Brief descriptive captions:
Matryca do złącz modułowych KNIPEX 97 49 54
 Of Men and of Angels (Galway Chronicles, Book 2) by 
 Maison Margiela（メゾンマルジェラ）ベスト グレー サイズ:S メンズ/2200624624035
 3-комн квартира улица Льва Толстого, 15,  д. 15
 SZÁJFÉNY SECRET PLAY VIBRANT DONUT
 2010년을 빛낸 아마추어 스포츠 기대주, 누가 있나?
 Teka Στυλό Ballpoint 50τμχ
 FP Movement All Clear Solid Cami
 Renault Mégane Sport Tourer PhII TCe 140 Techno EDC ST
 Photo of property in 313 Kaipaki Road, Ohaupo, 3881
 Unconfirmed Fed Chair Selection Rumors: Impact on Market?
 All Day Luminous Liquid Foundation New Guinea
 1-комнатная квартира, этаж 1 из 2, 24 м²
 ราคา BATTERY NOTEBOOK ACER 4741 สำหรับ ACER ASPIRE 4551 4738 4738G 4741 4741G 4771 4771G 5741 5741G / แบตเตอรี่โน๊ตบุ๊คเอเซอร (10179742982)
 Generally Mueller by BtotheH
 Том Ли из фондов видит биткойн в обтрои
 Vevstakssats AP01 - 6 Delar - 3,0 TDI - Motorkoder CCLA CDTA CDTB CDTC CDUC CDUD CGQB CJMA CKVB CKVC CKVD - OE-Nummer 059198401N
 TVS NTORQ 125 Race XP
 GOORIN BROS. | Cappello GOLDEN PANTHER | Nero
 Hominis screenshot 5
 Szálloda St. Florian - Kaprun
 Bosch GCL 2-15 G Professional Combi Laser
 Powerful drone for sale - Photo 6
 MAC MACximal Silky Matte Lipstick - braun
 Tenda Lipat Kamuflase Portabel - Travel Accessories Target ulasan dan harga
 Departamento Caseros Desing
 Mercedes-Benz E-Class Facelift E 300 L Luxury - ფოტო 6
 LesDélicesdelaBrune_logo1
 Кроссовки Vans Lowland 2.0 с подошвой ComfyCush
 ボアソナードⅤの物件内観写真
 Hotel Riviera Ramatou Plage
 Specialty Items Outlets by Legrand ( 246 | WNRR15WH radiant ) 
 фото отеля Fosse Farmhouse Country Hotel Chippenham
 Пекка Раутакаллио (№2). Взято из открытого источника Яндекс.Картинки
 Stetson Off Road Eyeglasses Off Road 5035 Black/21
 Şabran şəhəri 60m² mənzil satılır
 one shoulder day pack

## TASK GOAL
Among the entries above, find every line holding "Hotel" and copy it.

## EXERCISE RESULT
 Hotel Riviera Ramatou Plage
 фото отеля Fosse Farmhouse Country Hotel Chippenham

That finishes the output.